A Grécia foi assim uma atracção fatal para o espírito europeu do XVIII e do XIX. Enlouqueceu e conduziu à morte, para entrar, depois, na terra do esquecimento. Hélia Correia escreve uma epopeia do esquecimento. Não por acaso, a generalidade dos versos são decassílabos heróicos, que captam não a expressão de um sentimento do sujeito poético, mas a objectividade de uma perda. Holderlin, Byron e Nietzsche são os heróis impotentes, sinais de um mundo que a modernidade, depois de uma leve inquietação no Renascimento, acabou por relegar para a zona escura do recalcado, a zona da nossa indigência, dessa incapacidade já de rememorar não a vida mas o reflexo dessa vida na arte e no espírito.  Como todos os dias descobrimos, pertencemos a um mundo que nada sabe desses gregos, nada quer saber.

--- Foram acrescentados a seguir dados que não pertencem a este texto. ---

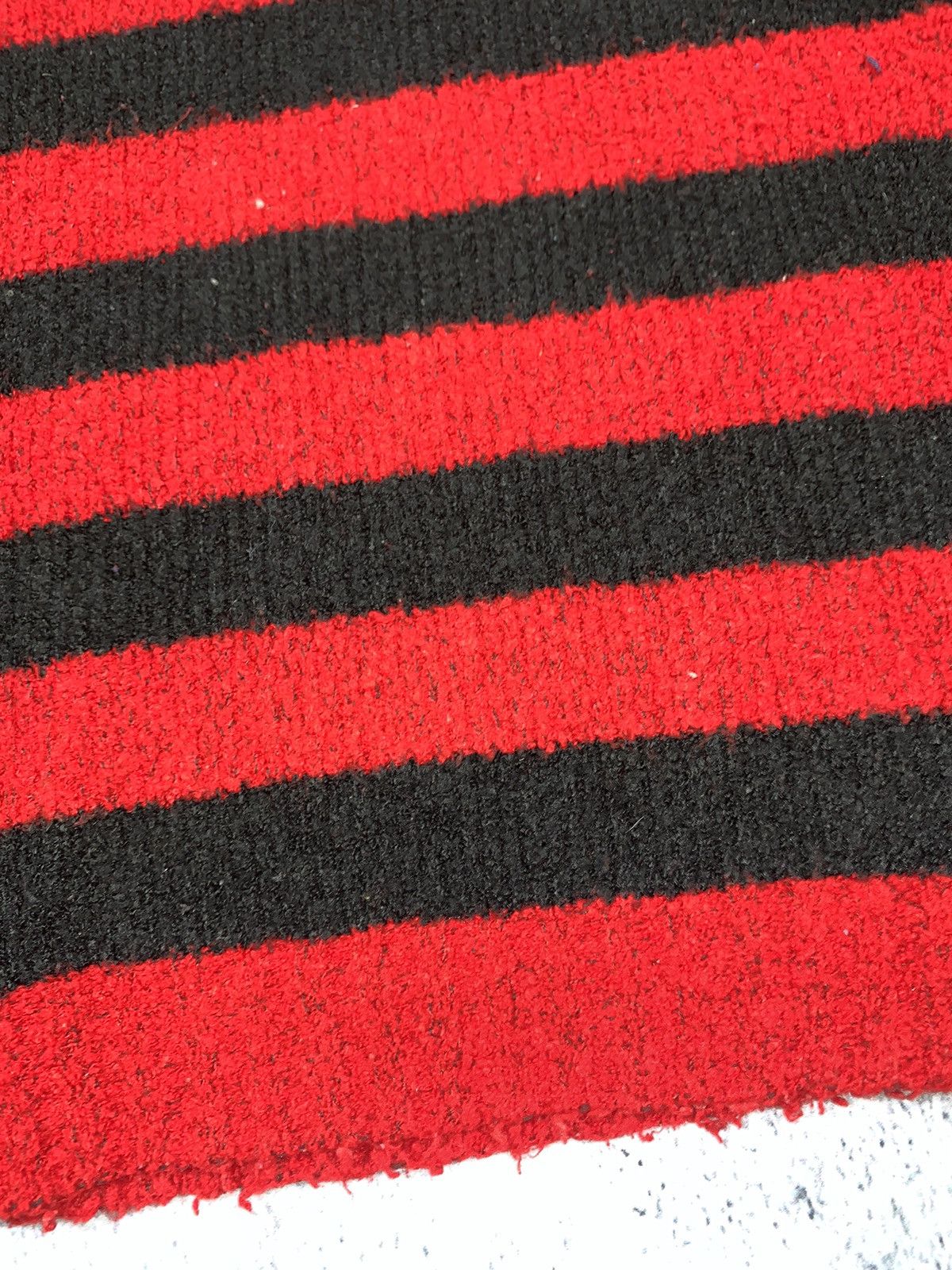Japanese Brand × Vintage Vintage Y2K Japanese striped cropped hooded sweater opium S Size S / US 4 / IT 40 - 6 Thumbnail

Na Ilíada, Aquiles, na parte final da obra, retorna ao combate do qual se afastara devido ao conflito com Agamémnon. Ulisses, no final da Odisseia, retorna a casa e aos braços da mulher. De certa forma, encontramos em ambas as epopeias de Homero o restabelecimento de um estado natural que tinha sido desfeito. Hélia Correia, porém, não tem qualquer ilusão sobre o retorno dos deuses, o retorno do mito, o restabelecimento dessa antiga natureza. Para onde olharemos? Para quem? / Certo é que Atenas se mantém oculta / E de algum modo intacta, por debaixo / Do alcatrão, do ferro retorcido. / Certo é que nunca ressuscitará / Visto que nada ressuscita (poema 30). Essa Grécia, que enlouqueceu Holderlin e Nietzsche e levou Byron para a morte, não voltará, mas ... pode/ No entanto escutar-se, no entanto / Reler-se, no entanto caminhar / Em direcção diversa, magoar / Novamente os joelhos na jornada? (poema 31) Esta interrogação é já, paradoxalmente, a afirmação de um caminho, do caminho que resta. Reler e escutar. Escutar essa Gente do Sul, / Gente que um dia se desnorteou (poema 32). A releitura do que nos ficou, a escuta das praças que de novo se enchem: Estão as praças, / Como ágoras de outrora, estonteadas / Pela concentração dos organismos, / Pelo uso da palavra, a fervilhante / Palavra própria da democracia,  Essa que dá a volta e ilumina / O que, por um instante, a empunhou (poema 32). Todo esse barulho atrás do qual vem o poema - não foi assim com a poesia homérica? - e que marca não o ressuscitar de um mundo morto, mas um início, um novo começo.

Para quê poetas? Perguntou Holderlin. Para marcarem o tempo de um começo, aprendemos com Hélia Correia.

Hélia Correia (2012). A Terceira Miséria. Lisboa: Relógio d'Água.